## DATASET EXTRACT
=== Begin Enclosure ===

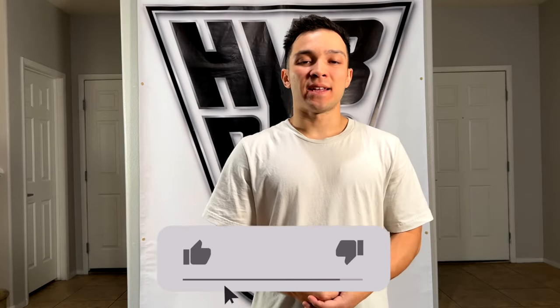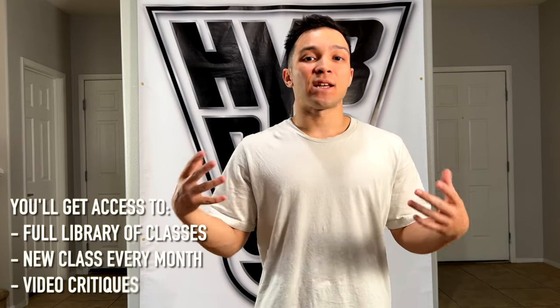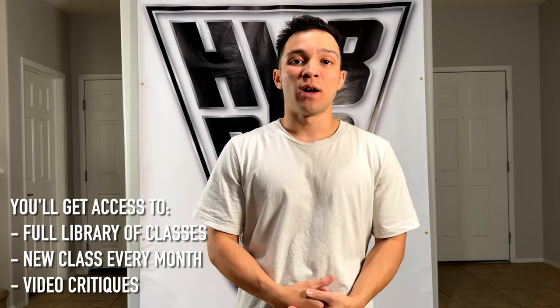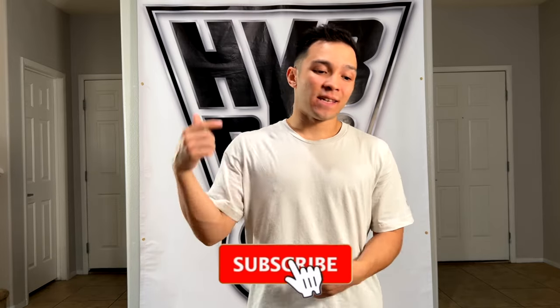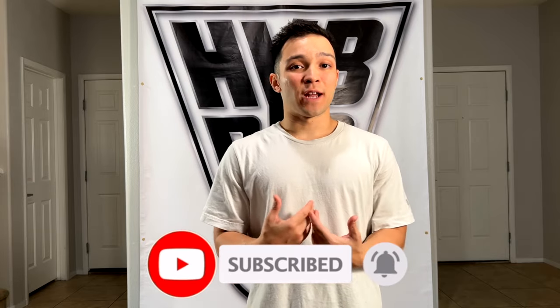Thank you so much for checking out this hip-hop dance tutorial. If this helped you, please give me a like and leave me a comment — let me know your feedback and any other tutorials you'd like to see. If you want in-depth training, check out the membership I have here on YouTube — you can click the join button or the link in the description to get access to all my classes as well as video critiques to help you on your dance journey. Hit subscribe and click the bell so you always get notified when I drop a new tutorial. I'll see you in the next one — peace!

=== End Enclosure ===
=== Begin Enclosure ===

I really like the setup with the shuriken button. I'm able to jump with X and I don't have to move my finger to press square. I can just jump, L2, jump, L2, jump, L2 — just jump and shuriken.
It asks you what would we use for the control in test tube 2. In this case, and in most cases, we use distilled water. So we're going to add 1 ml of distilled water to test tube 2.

=== End Enclosure ===

## TASK BRIEF
Please, from the entries above, set down exactly the lines from the one containing "I really like" through the one containing "It asks you", and only those.

## WRITTEN REPLY
I really like the setup with the shuriken button. I'm able to jump with X and I don't have to move my finger to press square. I can just jump, L2, jump, L2, jump, L2 — just jump and shuriken.
It asks you what would we use for the control in test tube 2. In this case, and in most cases, we use distilled water. So we're going to add 1 ml of distilled water to test tube 2.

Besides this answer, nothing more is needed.